Chutkan, for instance, speculated that Musk might need to be Senate-confirmed and pontificated that DOGE represents an unconstitutional power grab by the president. 

At the end of the day, however, such speculation—which lies at the heart of many of these lawsuits—is just wrong. Speculations by a judge are totally inappropriate unless the issue has been raised and briefed by the parties, and the judge has examined all the facts, thoroughly researched the law, and come to a conclusion on the merits—or lack thereof—of the claims being made.

Keep in mind that it was President Barack Obama who launched the U.S. Digital Service, DOGE’s predecessor, in 2014 and appointed a tech engineer who formerly worked for Google to head the team. Even Obama had an Elon Musk—and no one cried foul then. 

Trump’s executive order simply renamed the U.S. Digital Service as DOGE and reorganized it within the Executive Office of the President—and a president has complete control over the structure, organization, and staff of his Executive Office. Neither Congress nor any court can tell him what to do within that office.

Aside from that realpolitik observation, Musk isn’t an officer requiring Senate confirmation. Obfuscating rhetoric aside, Musk has no actual power to change or cancel contracts, terminate or halt spending, or create any regulation. He is simply an unofficial adviser to the president with no executive authority of any kind. All he can do is make recommendations—which, as Trump reminded his Cabinet during their first meeting, agency officials can reject. 

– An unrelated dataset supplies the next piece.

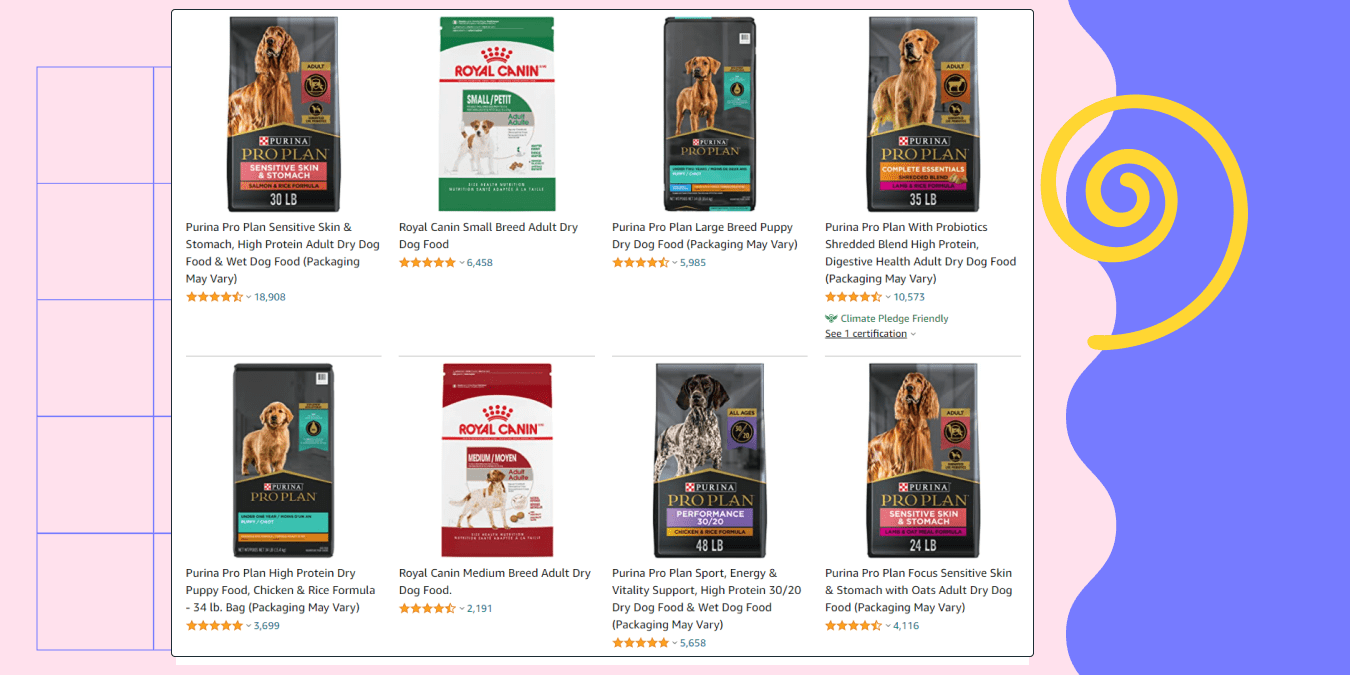 Best selling pet products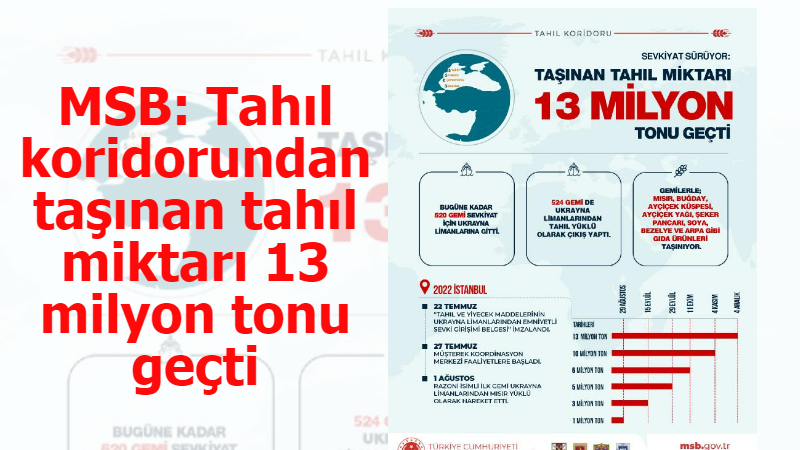 MSB: Tahıl koridorundan taşınan tahıl miktarı 13 milyon tonu geçti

It is Trump who is vested with the authority under Article II of the Constitution to carry out Congress’ legislative mandates. Thus, he has a constitutional obligation to ensure that bureaucrats inside the executive branch are complying with statutory requirements and that taxpayers are getting the most bang for their buck.

On top of that, the president has inherent constitutional authority to instruct executive officials to gather whatever information is needed to carry out those duties, unless there is a specific statute that limits the president’s authority, is within the constitutional bounds of congressional authority, and does not violate the president’s constitutional position as the head of the executive branch.  

The notion that federal agencies should police themselves and that the president has no authority to do that (or to receive advice on how to do that from anyone he wants) is nonsense. It is fundamentally contrary to the constitutional mandate that the buck stops with the president. 

That’s why Trump doesn’t need Congress to pass a law authorizing DOGE to do its work. He has inherent constitutional authority as the chief executive to ensure that federal agencies are following the law. 

At bottom, Trump can authorize Musk and DOGE to do what he simply cannot because of time and resource constraints on him. To argue otherwise is to suggest either that the president can be barred from ensuring that the laws be faithfully executed or that the chief executive must be omniscient. Neither is tenable—and the former is unconstitutional. 

Opponents of reform have retreated to the citadel of judicial activism in a last-ditch attempt to cripple the now-underway restoration of America’s political institutions. But contrary to their claims, DOGE is bringing much-needed sunlight to the swamp of bureaucracy that is the federal government today. And it is doing so well within the legal boundaries set by the Constitution

We can only hope that more unelected judges recognize that fact and stop acting like an imperial judiciary that can override the elected leader of the country.